Work item:
Starting from the line with "Une chambre d’hôtel", transcribe each line to the end of the records below. Copy them exactly and write nothing else.

── Records for this task ──

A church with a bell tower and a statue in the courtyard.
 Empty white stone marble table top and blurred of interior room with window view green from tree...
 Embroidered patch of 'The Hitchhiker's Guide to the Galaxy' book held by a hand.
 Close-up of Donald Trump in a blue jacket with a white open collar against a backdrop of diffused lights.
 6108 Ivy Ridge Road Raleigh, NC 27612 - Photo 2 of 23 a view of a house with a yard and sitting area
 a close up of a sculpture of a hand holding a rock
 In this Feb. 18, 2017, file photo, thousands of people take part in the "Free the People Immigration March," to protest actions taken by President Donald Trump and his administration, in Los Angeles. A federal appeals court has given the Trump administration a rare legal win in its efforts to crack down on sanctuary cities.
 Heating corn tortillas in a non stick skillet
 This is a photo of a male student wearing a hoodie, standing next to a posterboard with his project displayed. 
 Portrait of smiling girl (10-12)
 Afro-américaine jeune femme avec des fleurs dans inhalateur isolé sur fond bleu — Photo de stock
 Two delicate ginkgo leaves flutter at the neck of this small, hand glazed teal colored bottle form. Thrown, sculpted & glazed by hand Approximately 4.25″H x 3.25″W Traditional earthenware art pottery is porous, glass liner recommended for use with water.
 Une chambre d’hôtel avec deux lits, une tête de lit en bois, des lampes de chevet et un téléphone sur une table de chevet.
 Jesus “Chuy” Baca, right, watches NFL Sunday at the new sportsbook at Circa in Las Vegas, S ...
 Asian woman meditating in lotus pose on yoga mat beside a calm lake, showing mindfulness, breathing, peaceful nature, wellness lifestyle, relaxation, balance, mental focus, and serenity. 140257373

───

Problem solution:
 Une chambre d’hôtel avec deux lits, une tête de lit en bois, des lampes de chevet et un téléphone sur une table de chevet.
 Jesus “Chuy” Baca, right, watches NFL Sunday at the new sportsbook at Circa in Las Vegas, S ...
 Asian woman meditating in lotus pose on yoga mat beside a calm lake, showing mindfulness, breathing, peaceful nature, wellness lifestyle, relaxation, balance, mental focus, and serenity. 140257373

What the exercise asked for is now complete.